And here I thought it was just the time difference that made you keep such odd hours...
*hides cattle prod behind back, whistles innocently...*

Betsy


----------



## Steve Vernon (Feb 18, 2011)

All that I know is that the word "moderate" can also mean "fair to middling" which is a polite way of saying "sort of average" which is a long-winded way to write "dull"...


----------



## Betsy the Quilter (Oct 27, 2008)

*waves cattle prod*

Watch it, Vernon!!!


Betsy


----------



## Linjeakel (Mar 17, 2010)

Betsy the Quilter said:


> Y'all really say "the pond?" I thought that was just what Americans said you say....

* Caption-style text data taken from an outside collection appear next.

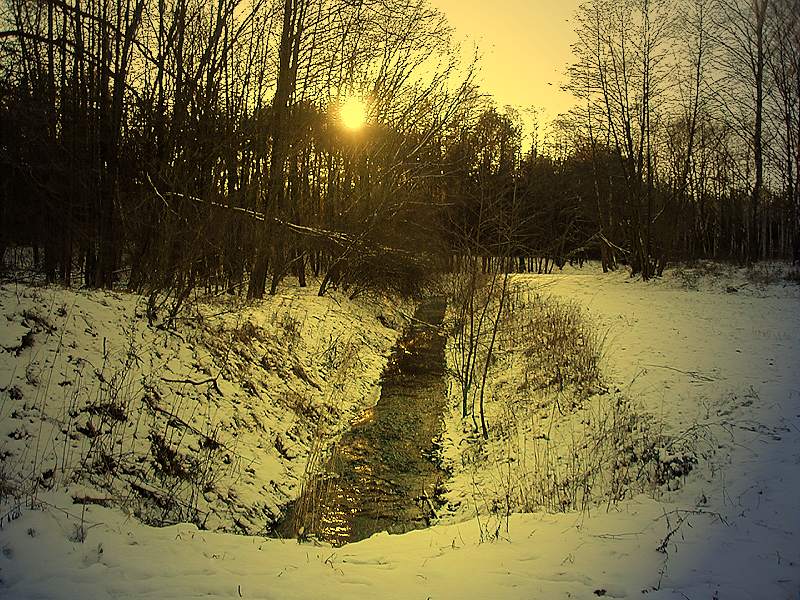 Wiesenbach im Winter ( Nachbearbeitet mit Photoimpact 6)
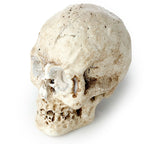 Gothic Gifts Skull Dig It Out Kit
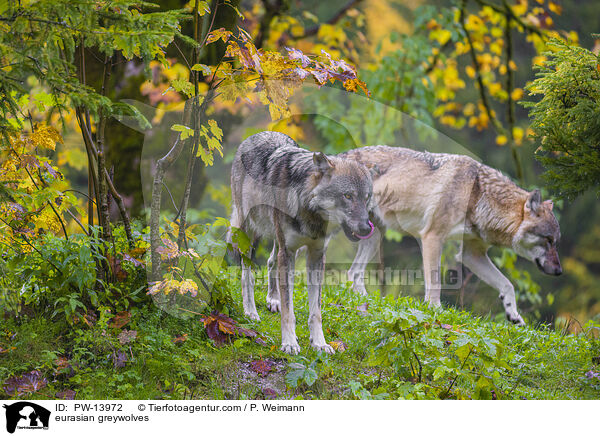 Eurasische Grauwlfe / eurasian greywolves / PW-13972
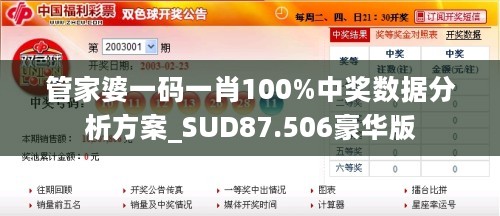 管家婆一码一肖100%中奖数据分析方案_SUD87.506豪华版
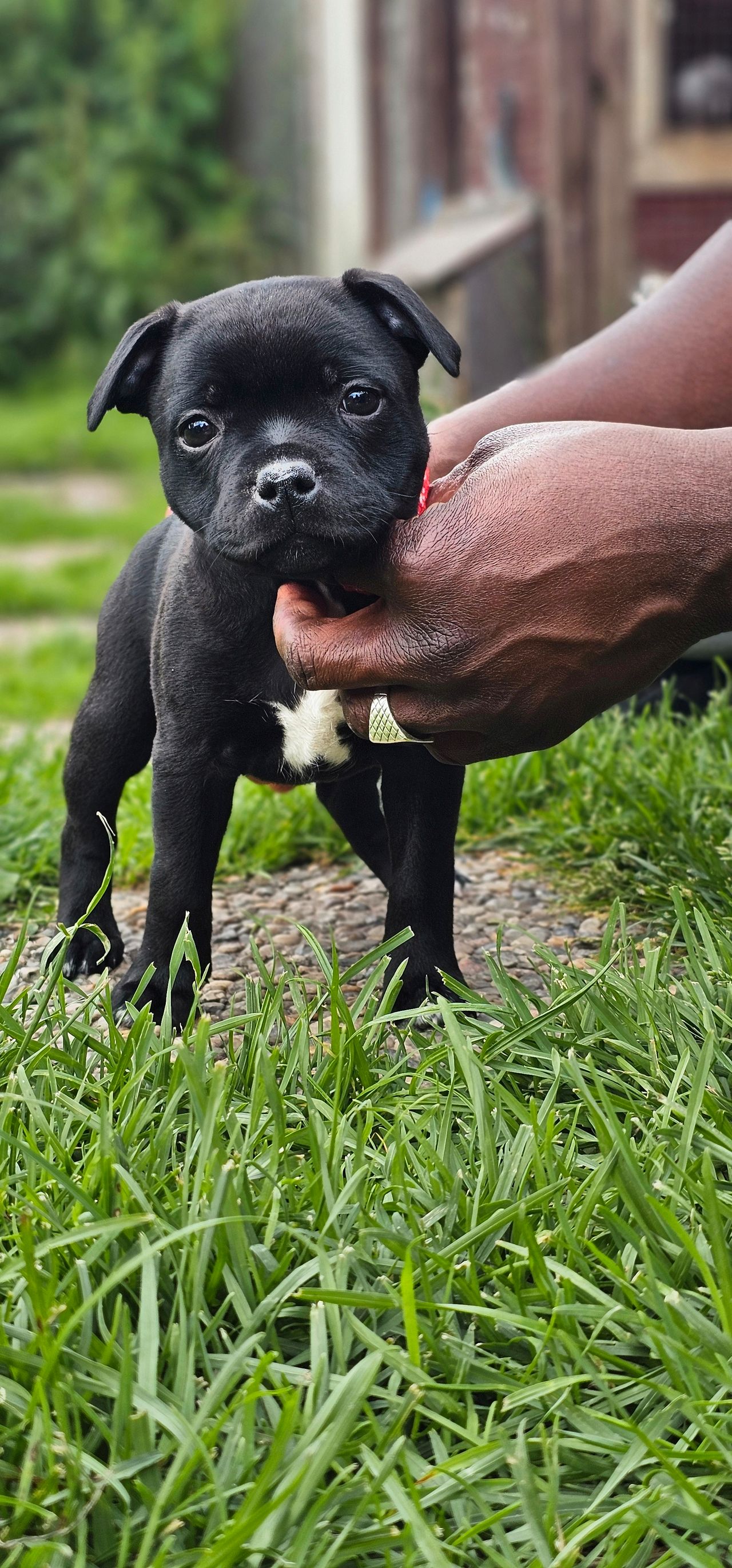 Staffordshire bull terrier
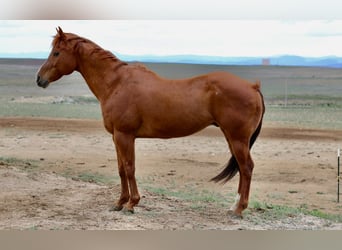 American Quarter Horse, Wallach, 13 Jahre, 157 cm, Rotfuchs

Really? I thought it was what you Americans called it! *scratches head*


----------



## Betsy the Quilter (Oct 27, 2008)

Linjeakel said:


> Really? I thought it was what you Americans called it! *scratches head*


----------



## Steve Vernon (Feb 18, 2011)

Betsy the Quilter said:


> *waves cattle prod*
> 
> Watch it, Vernon!!!
> 
> ...


Hee-hee.


----------



## Steph H (Oct 28, 2008)

Ann in Arlington said:


> I'm not sure why I keep getting so much grief! I'm totally the quiet one in my family. Ask anyone. I should delete all your all comments! Libel! (Or is is slander. . . I get those confused.  )


I only remember because "speaking" is "slander" -- the two "s" words match up.

So writing is libel -- which has no easy way to remember other than it's what's left over after the two "s" words match up....









And yeah, you're not mean! Those other mods don't know what they're talking about! [trying my bestest to suck up so I don't get whapped....is it working??]


----------



## geoffthomas (Feb 27, 2009)

I don't know about you Steph, but while I don't like getting whapped I am very afraid of getting poked with the cattle prod.


Just sayin.....


----------



## Steph H (Oct 28, 2008)

Me and Betsy have a special Swagbucks bond....she won't prod me. Er, I hope....


----------



## Betsy the Quilter (Oct 27, 2008)

I play no favorites....


Betsy


----------